Aujourd'hui, j'ai installé Le Monde (la version pour iPad). Elle fonctionne aussi sur l'iPhone, mais je n'avais pas encore fait la mise à jour. Et sur l'iPad, la présentation est vraiment bien foutue ! Choix d'affichages multiples qui rendent la lecture vraiment confortable. J'espère que les autres journaux vont s'en inspirer.

Pinball HD. Un jeu de flipper. Y a rien d'extraordinaire. Il n'y a que trois circuits, les combo sont pas évidents à saisir. Y a quelques info sur les rampes et les cibles, mais c'est pas clair. 
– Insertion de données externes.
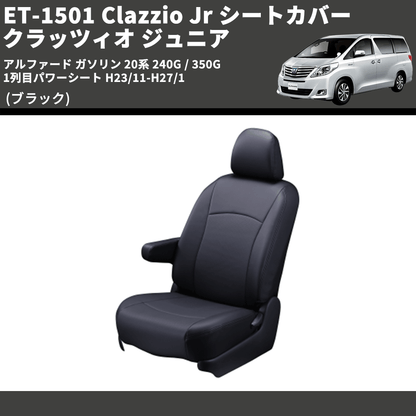 (ブラック) ET-1501 Clazzio Jr シートカバー クラッツィオ ジュニア アルファード ガソリン 20系 240G / 350G 1列目パワーシート H23/11-H27/1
Scrabble for iPad. Je crois que l'application existe déjà pour iPhone. Là, elle permet en plus de jouer à plusieurs, à conditions que vos opposants aient un iPhone, car celui-ci sert de tablette pour le tirage des lettres et l'iPad sert alors de plateau de jeu. Quand on joue seul, on peut choisir soit d'être opposé à l'ordi, soit de s'entrainer. Dans ce mode, il y a un prof qui est censé proposer de meilleures solutions une fois que vous avez posé vos lettres. Le problème, c'est qu'il propose des mots qui n'existent pas... Ceci dit, l'appli est chouette.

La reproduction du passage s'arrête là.